EXERCISE DESCRIPTION
For the material below, reproduce exactly each line from the one that has "Dallas House: 10107 Muskogee" through the one that has "Used 2025 Jeep Compass Limited image 2", and no others; pictures stay out.

AVAILABLE DATA
______

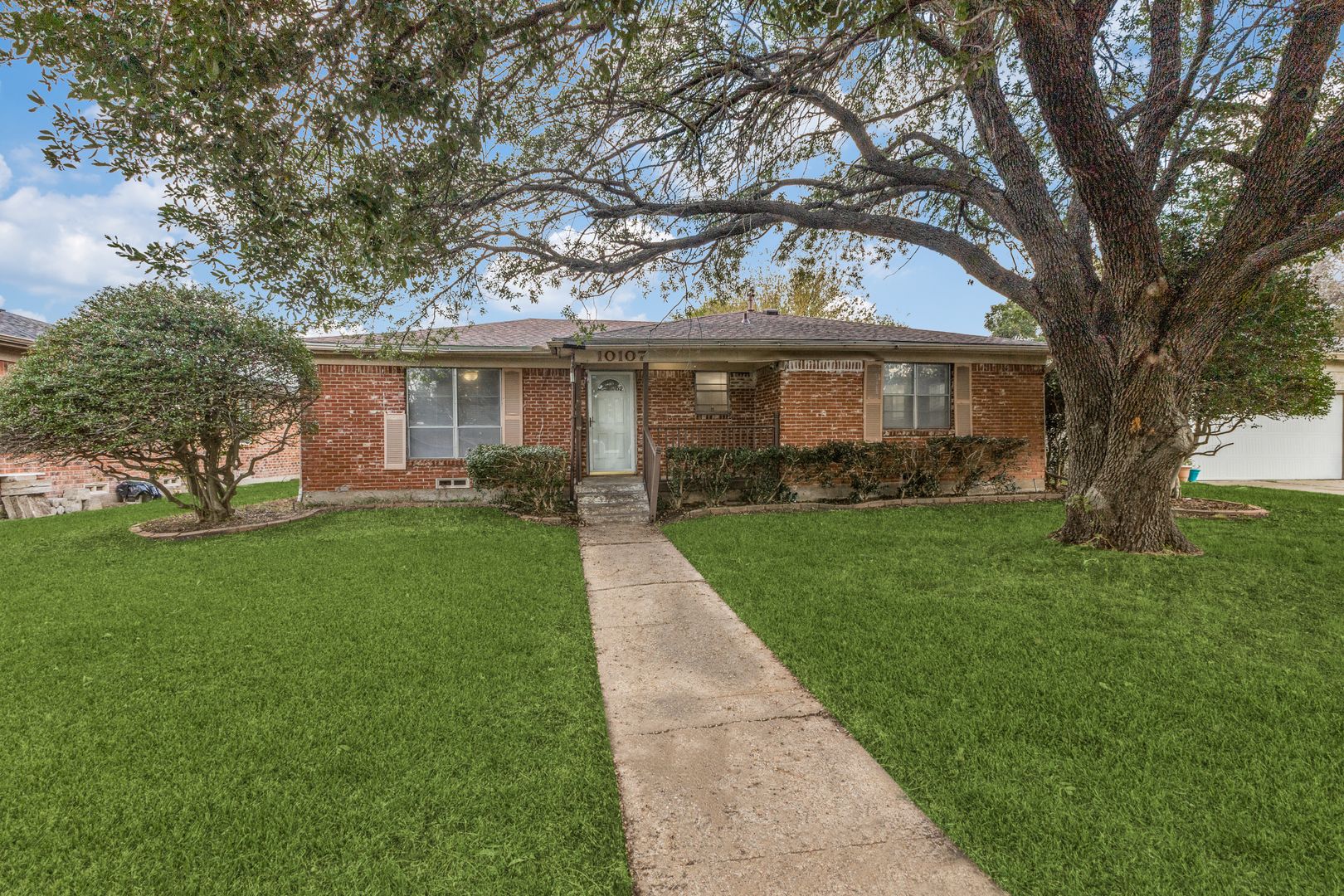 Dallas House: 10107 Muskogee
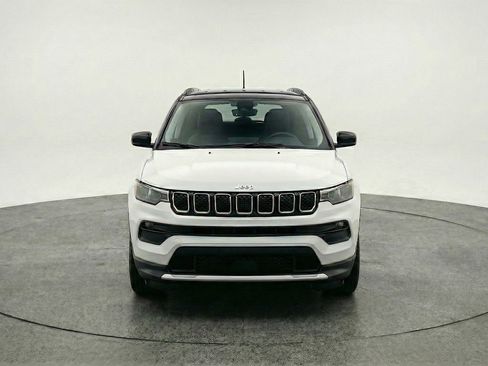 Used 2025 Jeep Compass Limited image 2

______

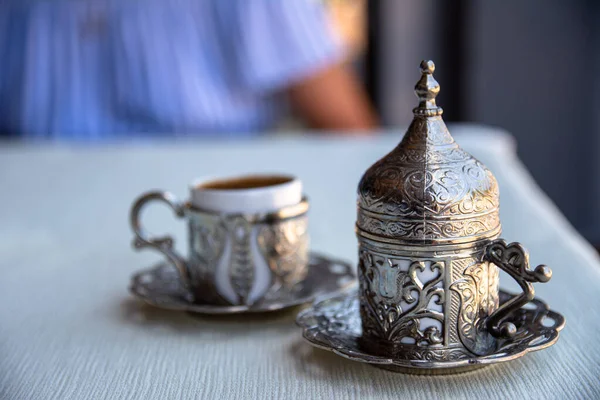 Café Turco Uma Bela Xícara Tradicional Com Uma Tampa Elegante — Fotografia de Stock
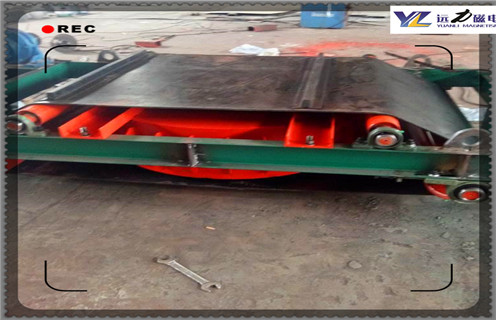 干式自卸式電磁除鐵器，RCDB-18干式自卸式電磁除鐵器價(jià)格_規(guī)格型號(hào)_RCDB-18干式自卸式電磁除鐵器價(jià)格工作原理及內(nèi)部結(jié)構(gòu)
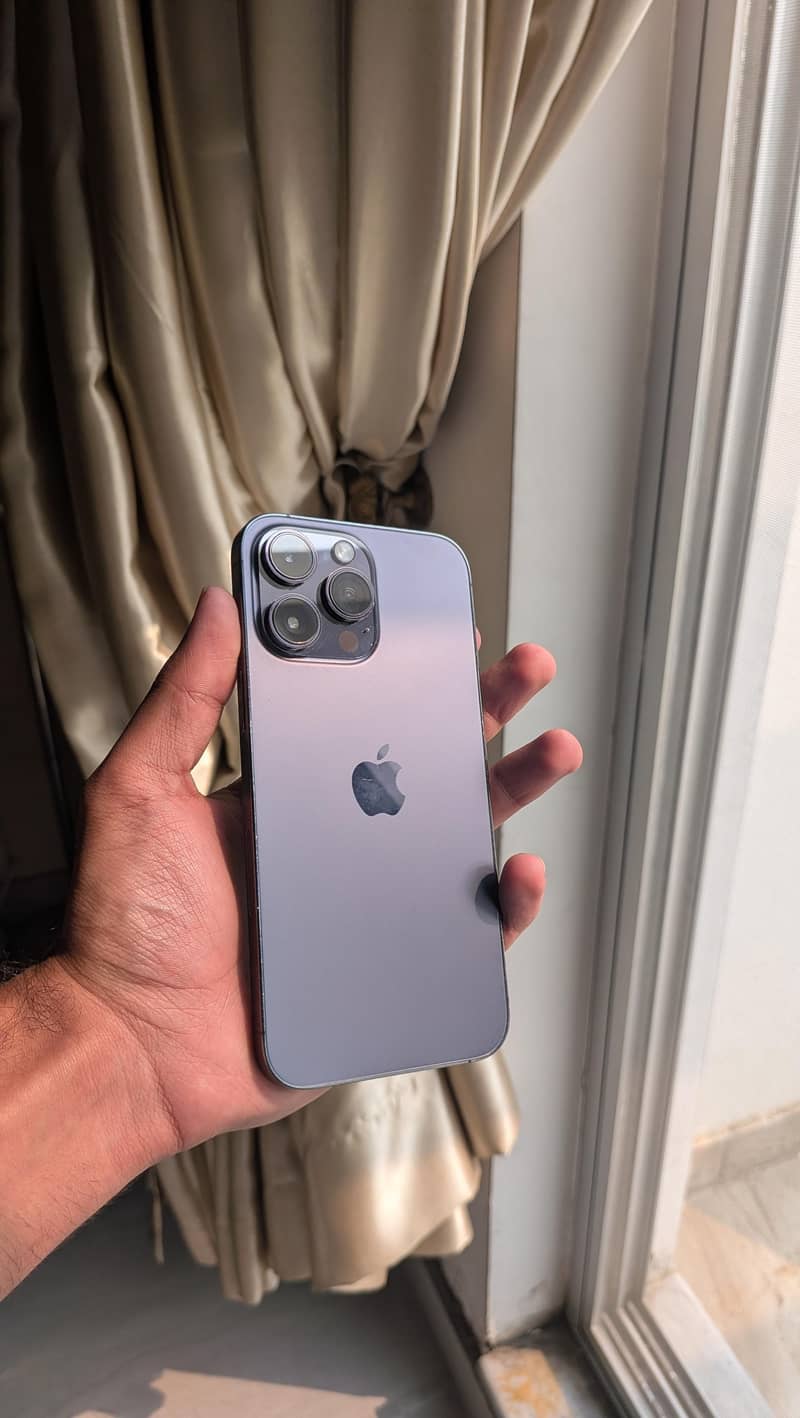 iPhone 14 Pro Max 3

______

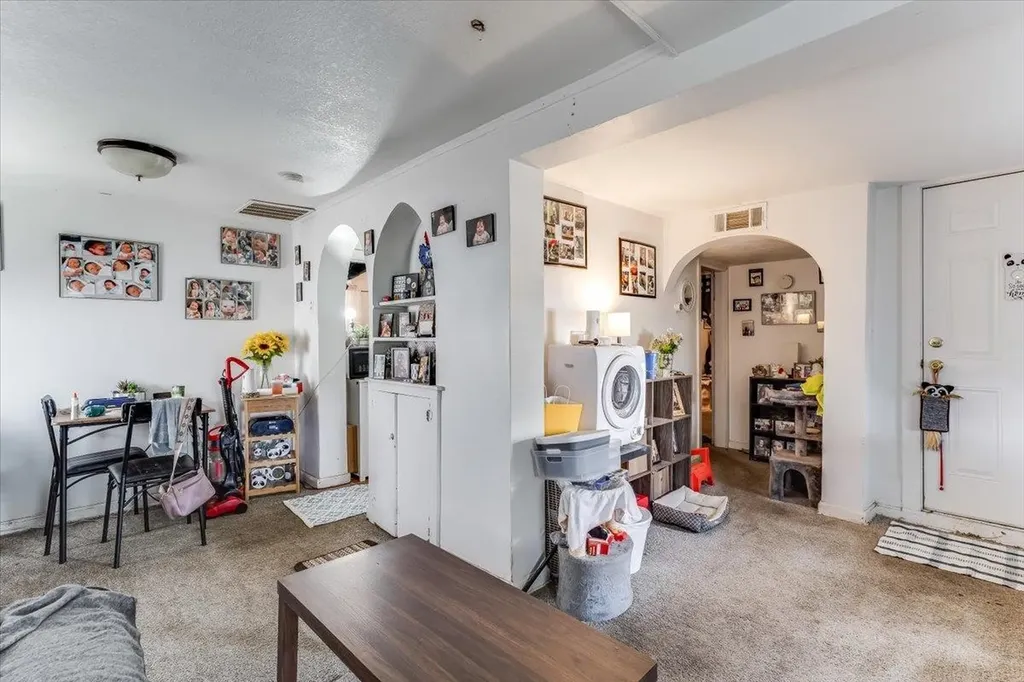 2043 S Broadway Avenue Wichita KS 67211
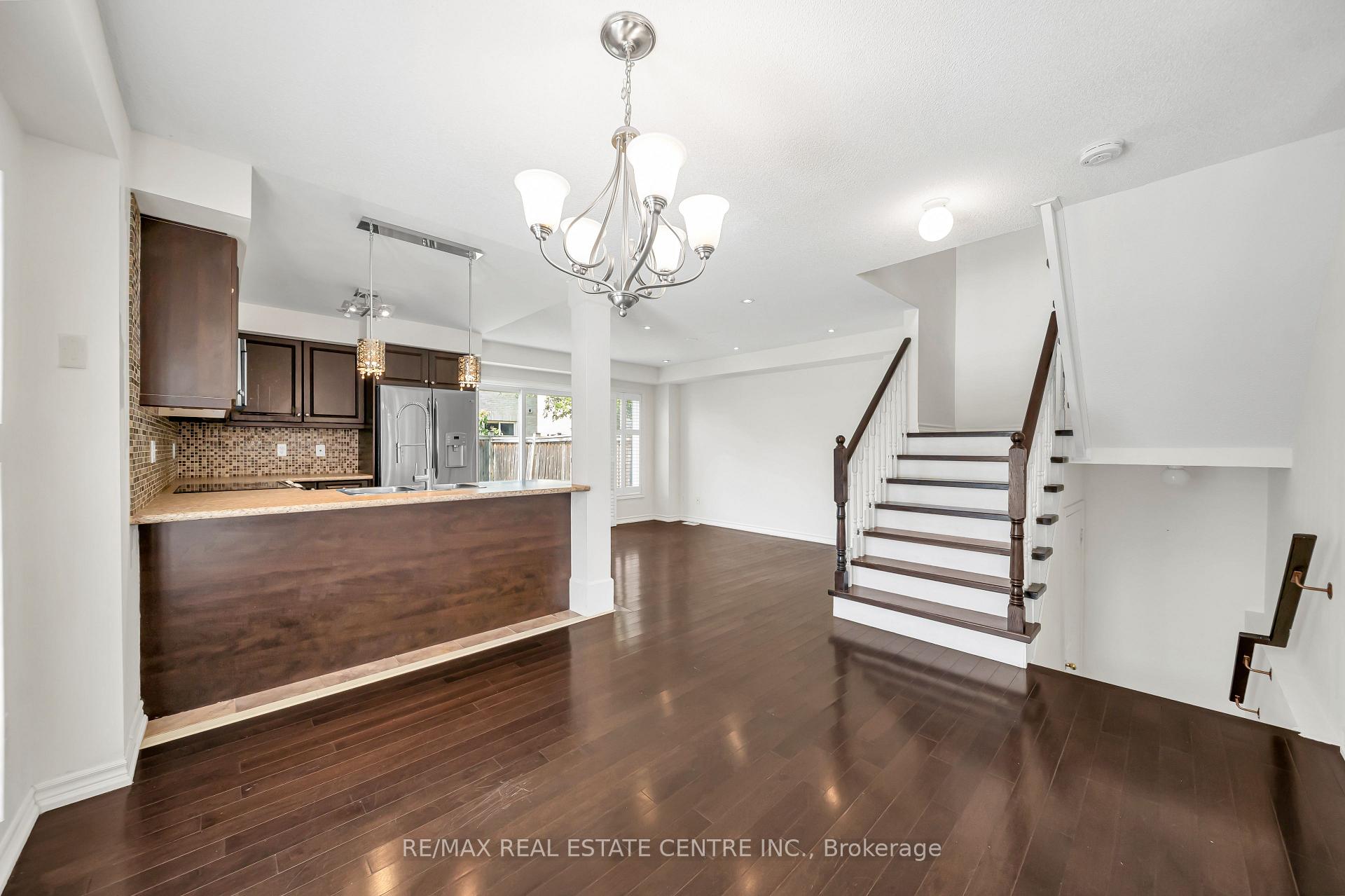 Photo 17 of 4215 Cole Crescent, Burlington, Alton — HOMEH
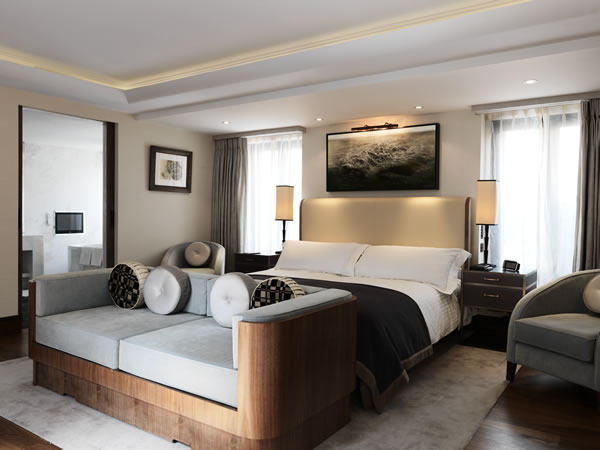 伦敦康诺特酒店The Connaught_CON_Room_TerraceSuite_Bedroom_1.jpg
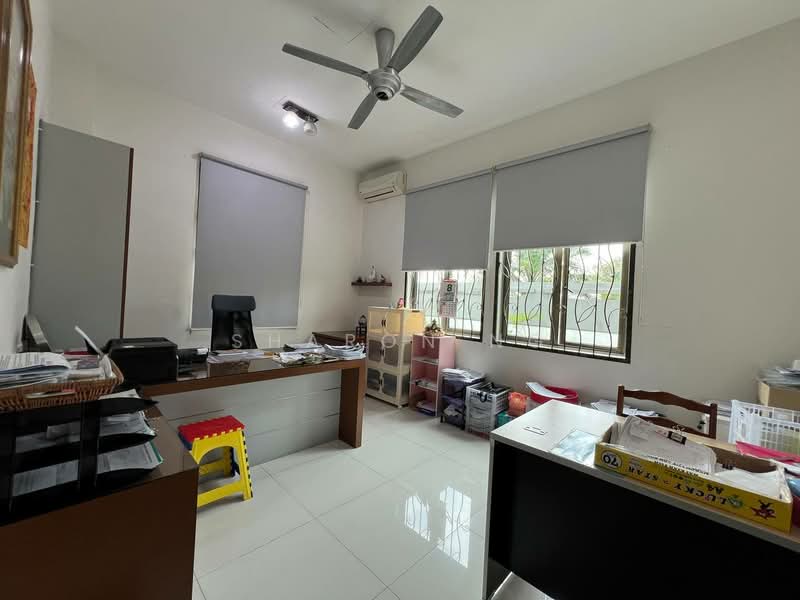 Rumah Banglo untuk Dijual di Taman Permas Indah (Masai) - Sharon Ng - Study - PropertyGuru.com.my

______

OUTPUT OF THE TASK
 Dallas House: 10107 Muskogee
 Used 2025 Jeep Compass Limited image 2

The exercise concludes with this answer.